## Work to complete
Would you return the listing exactly as written, apart from its pictures?
── The data ──
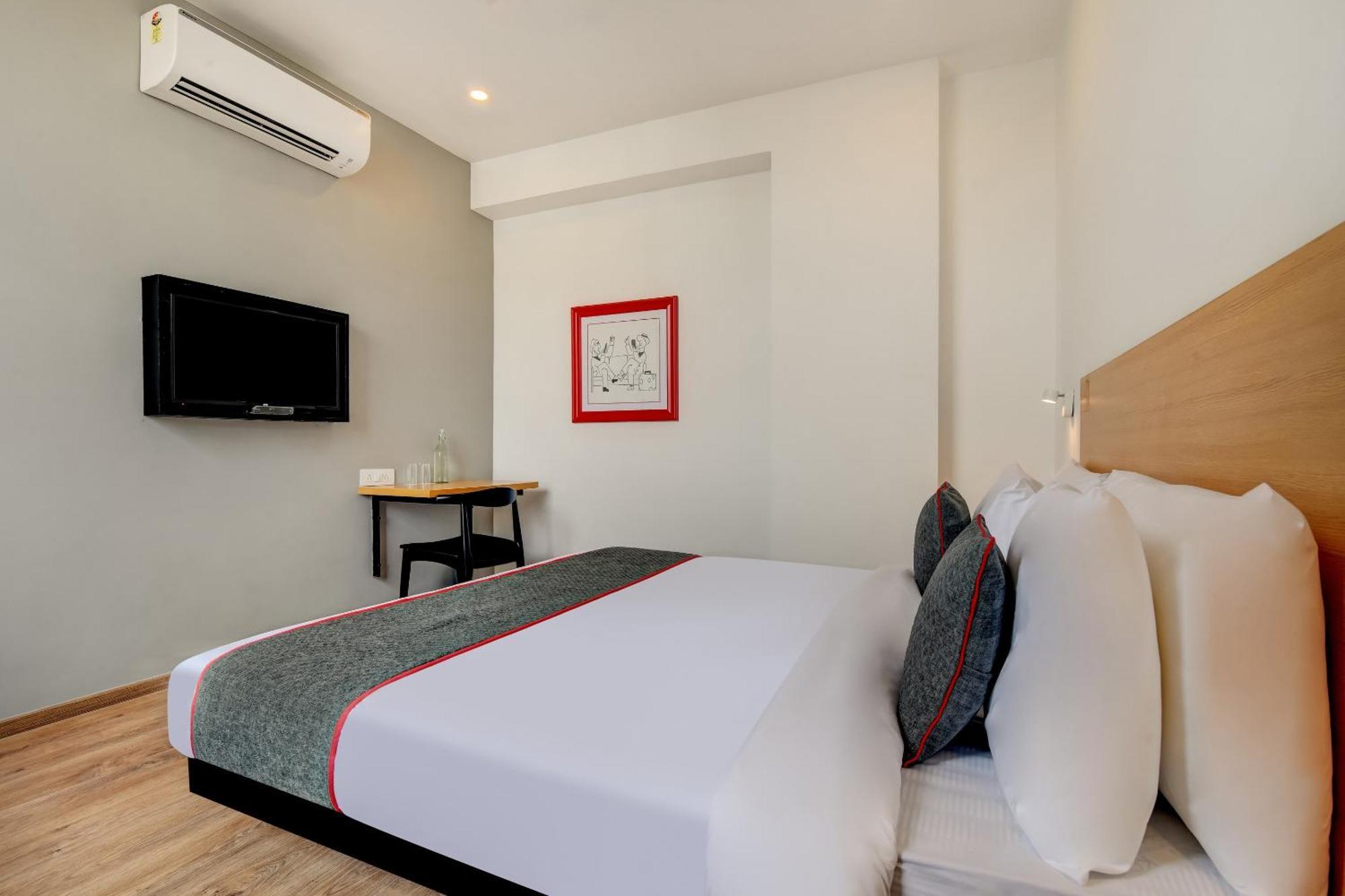 Townhouse 207 Hotel Downtown My Stay Jaipur Extérieur photo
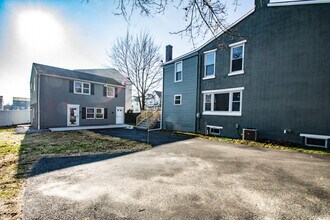 404 E Barnard St, Unit Rear in West Chester, PA - Foto de edificio - Building Photo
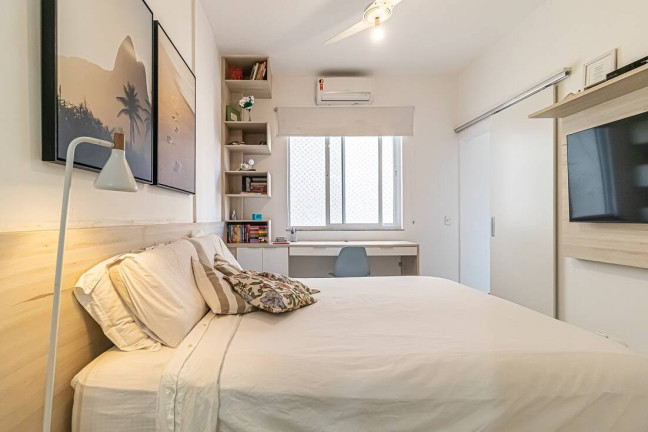 Imagem Apartamento com 2 Quartos à Venda, em Ipanema - Rio De Janeiro Imagem Apartamento com 2 Quartos à Venda, em Ipanema - Rio De Janeiro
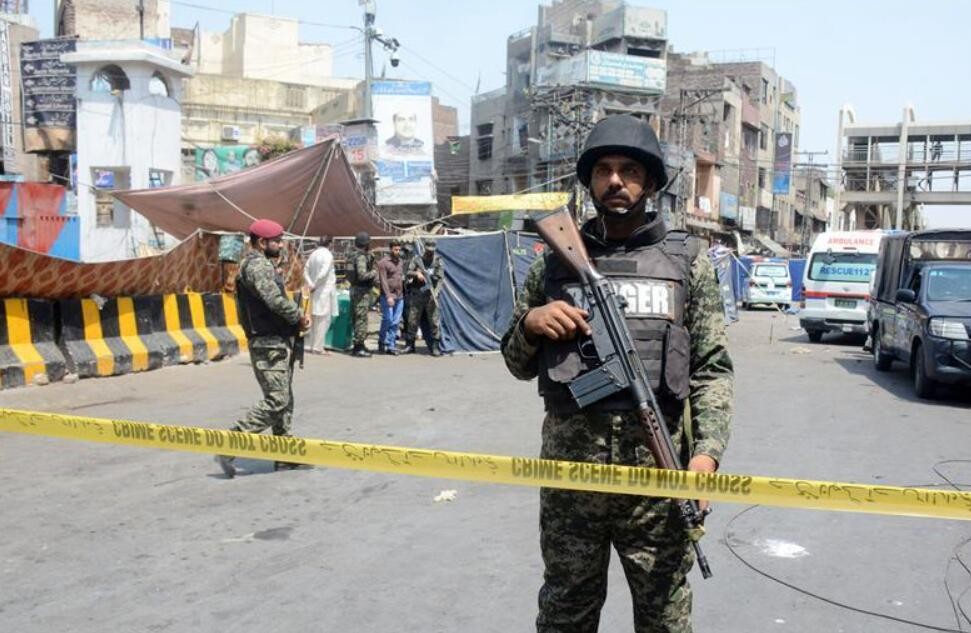 巴基斯坦西南部自杀式袭击致9人死亡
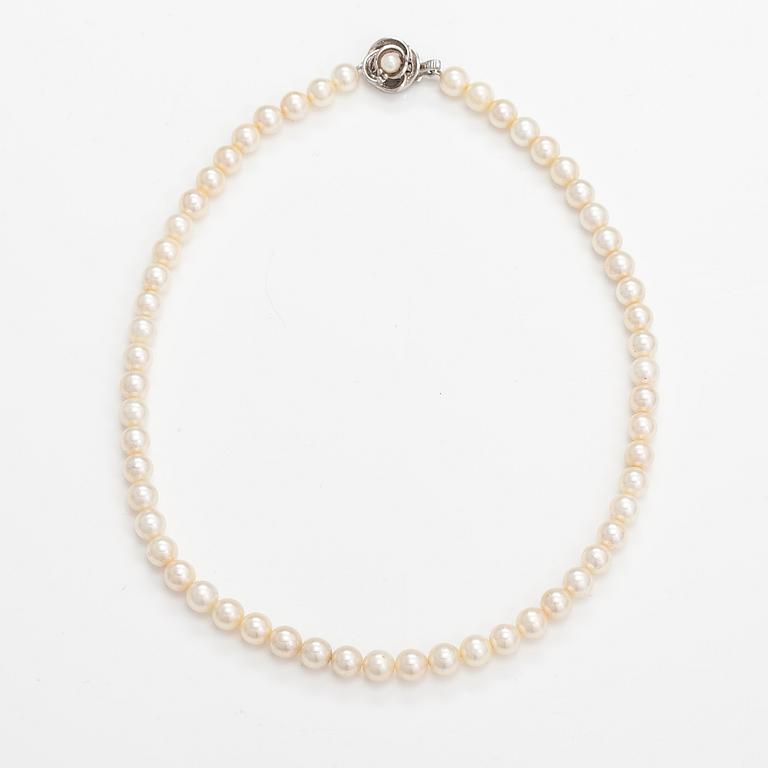 Pärlcollier, odlade pärlor, silver.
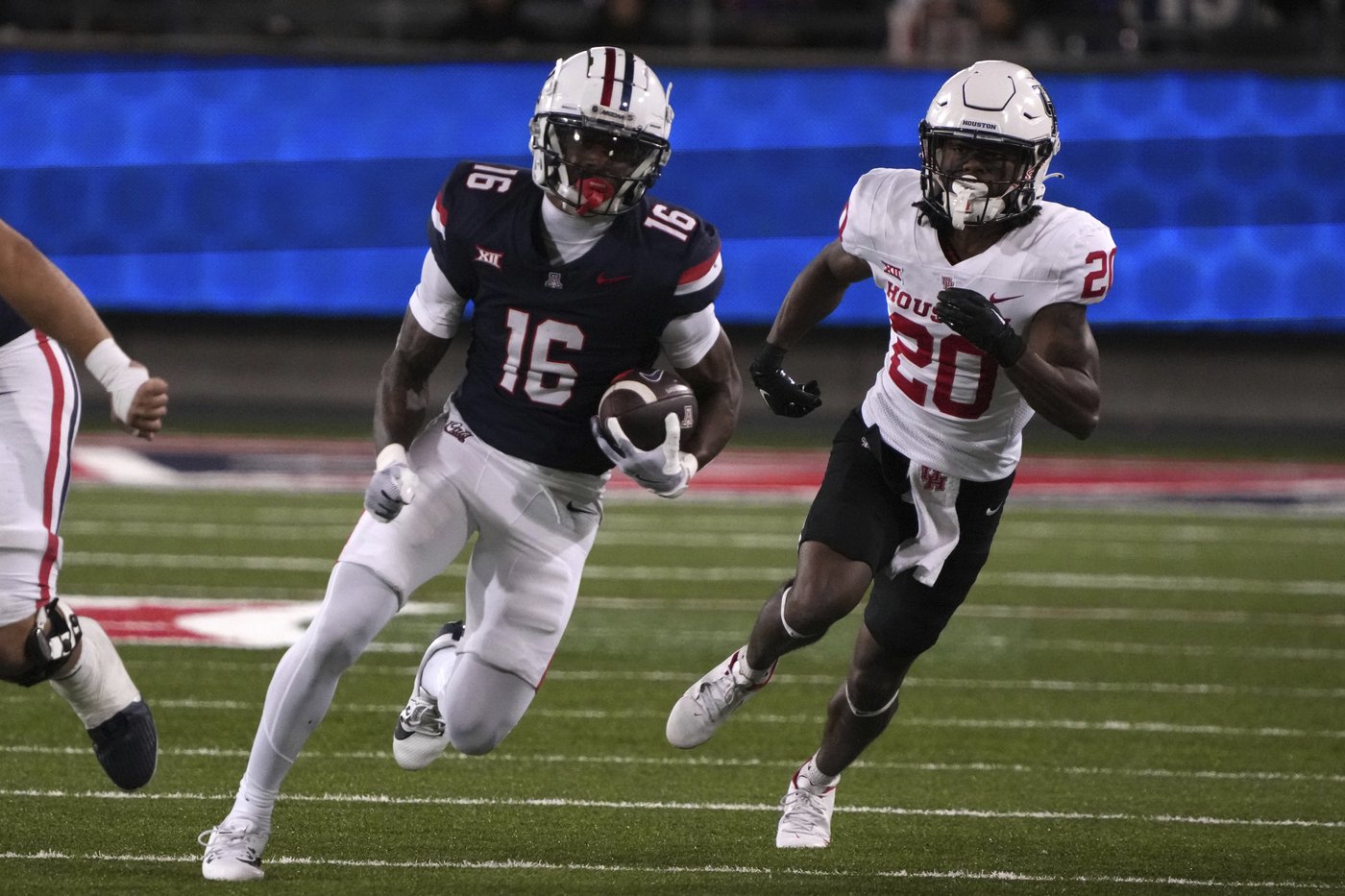 Noah Fifita throws for 2 TDs, Arizona ends 5-game losing streak with 27-3 win over Houston | iNFOnews.ca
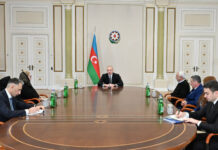 Prezident İlham Əliyev təyyarə qəzasında həlak olan ekipaj heyətinin ailə üzvləri və sağ qalan təyyarə bələdçiləri ilə görüşüb Prezident İlham Əliyev təyyarə qəzasında həlak olan ekipaj heyətinin ailə üzvləri və sağ qalan təyyarə bələdçiləri ilə görüşüb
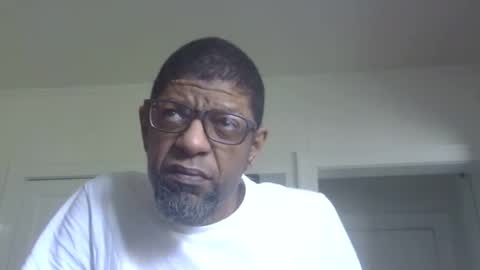 Snapshot of arteblazze chatting on April 30, 2026, 10:36 pm Arteblazze not daddy boy bitch or nigga online show from April 30, 2026, 10:36 pm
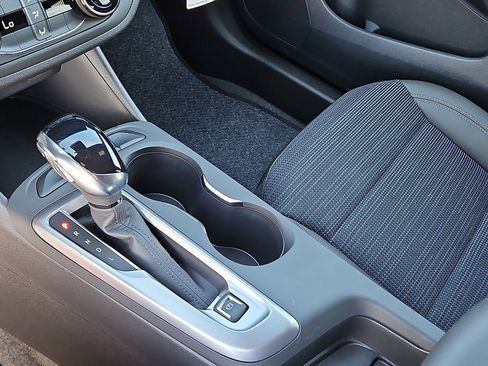 New 2026 Buick Envista Preferred image 20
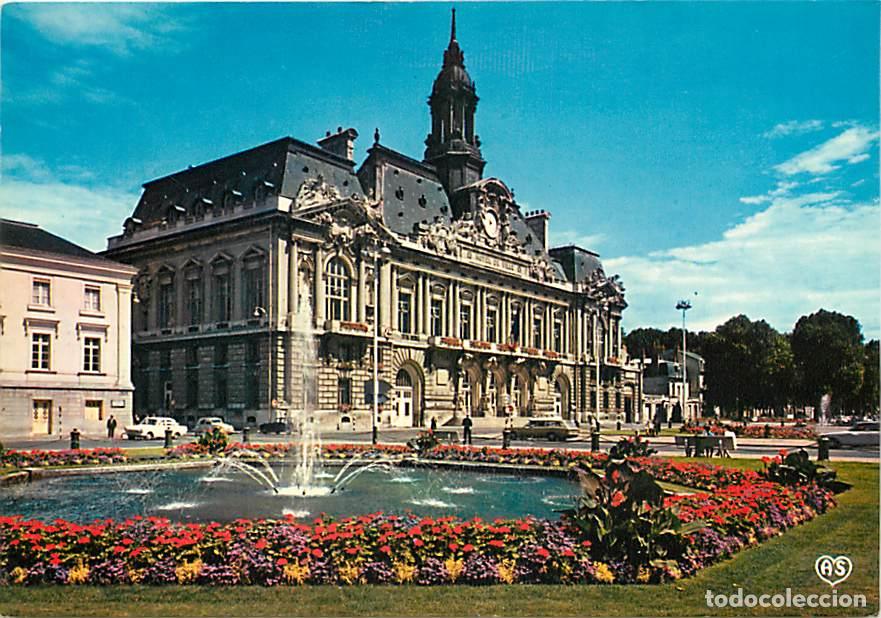 Postales: Francia - 37 - Tours - Place Jean-Jaur&egrave;s - L'Hotel de Ville - Automobiles - Fleurs - Flamme Postale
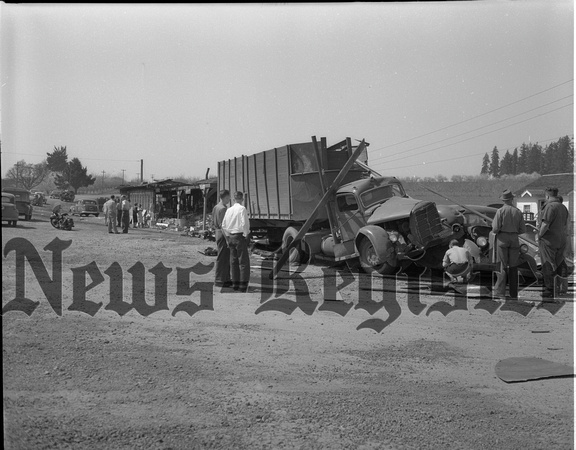 1949-4 Wreck truck and car at Dayton Wye 3.jpeg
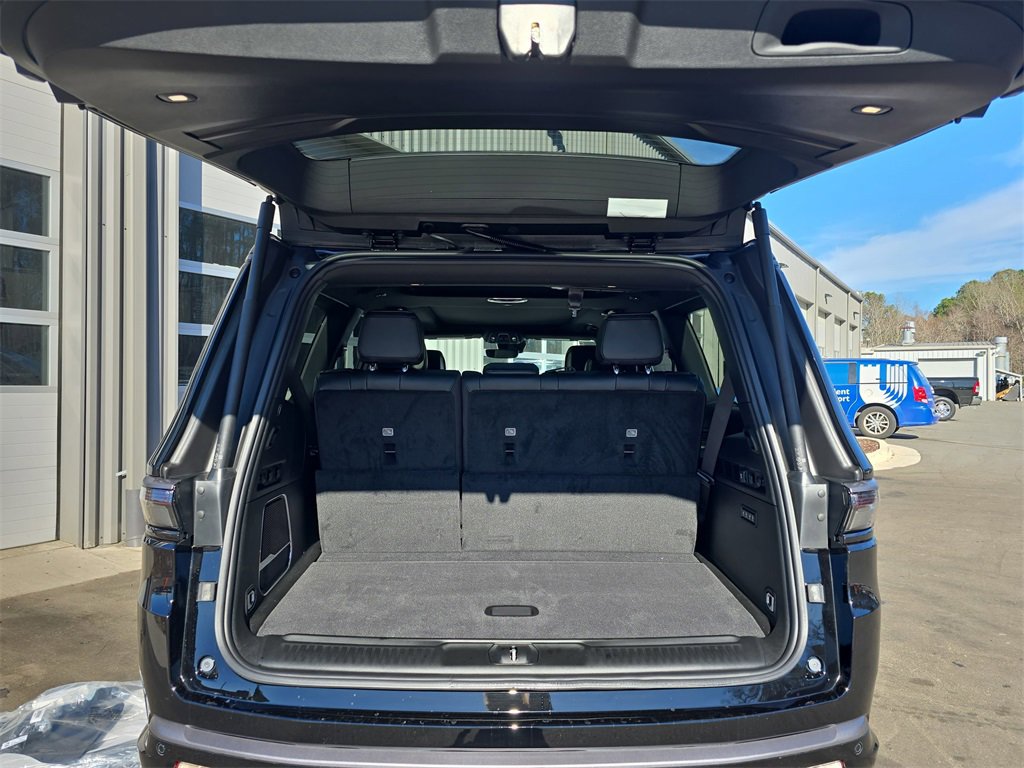 New 2026 Jeep Grand Wagoneer Limited image 14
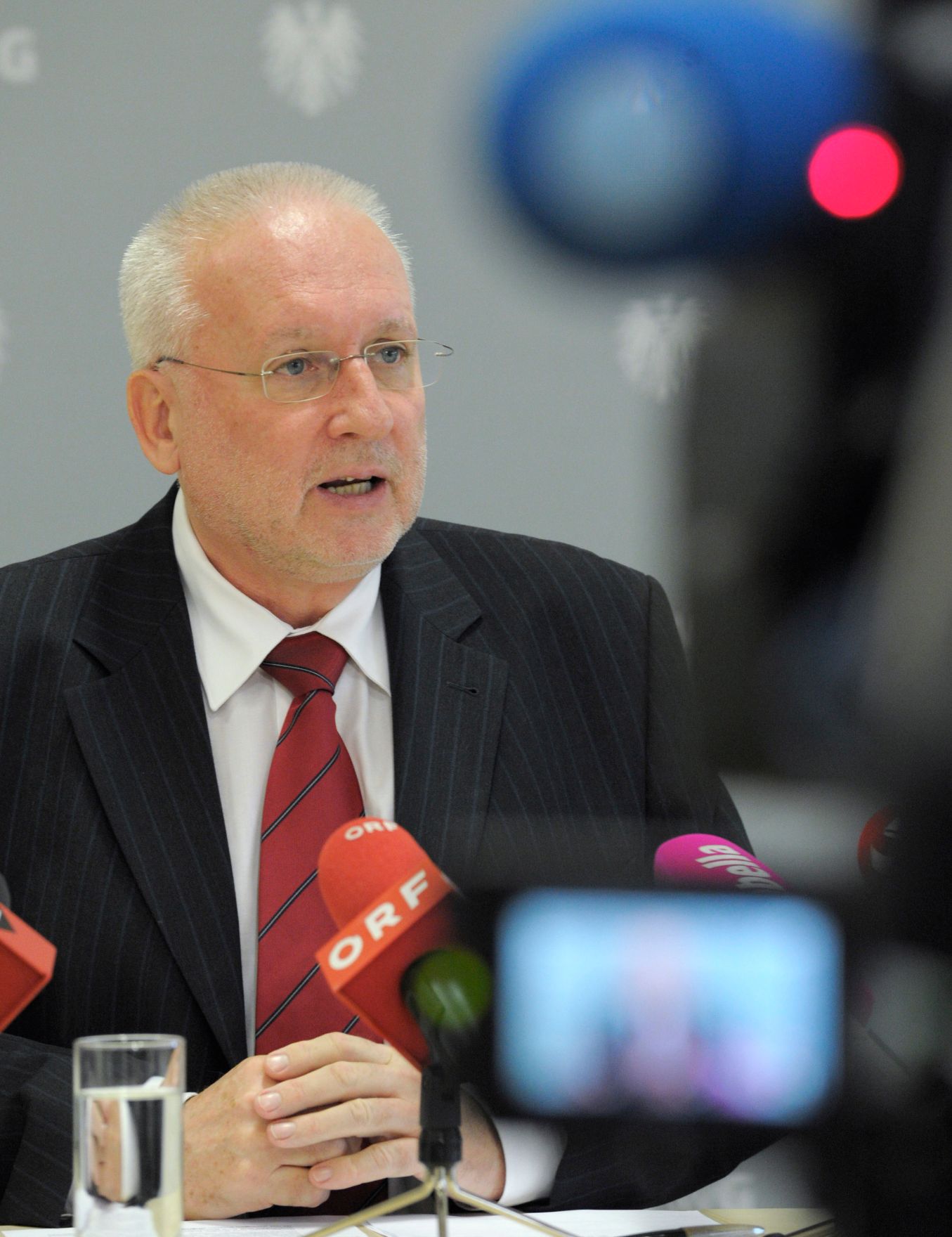 Am 3. J&auml;nner 2014 fand im Bundesverwaltungsgericht eine Pressekonferenz zum Thema &bdquo;Eine konkrete Handlungsanleitung f&uuml;r B&uuml;rgerin und B&uuml;rger: Wie ich zu meinem Recht komme&ldquo; statt. Im Bild Harald Perl, Pr&auml;sident des Bundesverwaltungsgerichts.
───
## Reply to the exercise
 Townhouse 207 Hotel Downtown My Stay Jaipur Extérieur photo
 404 E Barnard St, Unit Rear in West Chester, PA - Foto de edificio - Building Photo
 Imagem Apartamento com 2 Quartos à Venda, em Ipanema - Rio De Janeiro Imagem Apartamento com 2 Quartos à Venda, em Ipanema - Rio De Janeiro
 巴基斯坦西南部自杀式袭击致9人死亡
 Pärlcollier, odlade pärlor, silver.
 Noah Fifita throws for 2 TDs, Arizona ends 5-game losing streak with 27-3 win over Houston | iNFOnews.ca
 Prezident İlham Əliyev təyyarə qəzasında həlak olan ekipaj heyətinin ailə üzvləri və sağ qalan təyyarə bələdçiləri ilə görüşüb Prezident İlham Əliyev təyyarə qəzasında həlak olan ekipaj heyətinin ailə üzvləri və sağ qalan təyyarə bələdçiləri ilə görüşüb
 Snapshot of arteblazze chatting on April 30, 2026, 10:36 pm Arteblazze not daddy boy bitch or nigga online show from April 30, 2026, 10:36 pm
 New 2026 Buick Envista Preferred image 20
 Postales: Francia - 37 - Tours - Place Jean-Jaur&egrave;s - L'Hotel de Ville - Automobiles - Fleurs - Flamme Postale
 1949-4 Wreck truck and car at Dayton Wye 3.jpeg
 New 2026 Jeep Grand Wagoneer Limited image 14
 Am 3. J&auml;nner 2014 fand im Bundesverwaltungsgericht eine Pressekonferenz zum Thema &bdquo;Eine konkrete Handlungsanleitung f&uuml;r B&uuml;rgerin und B&uuml;rger: Wie ich zu meinem Recht komme&ldquo; statt. Im Bild Harald Perl, Pr&auml;sident des Bundesverwaltungsgerichts.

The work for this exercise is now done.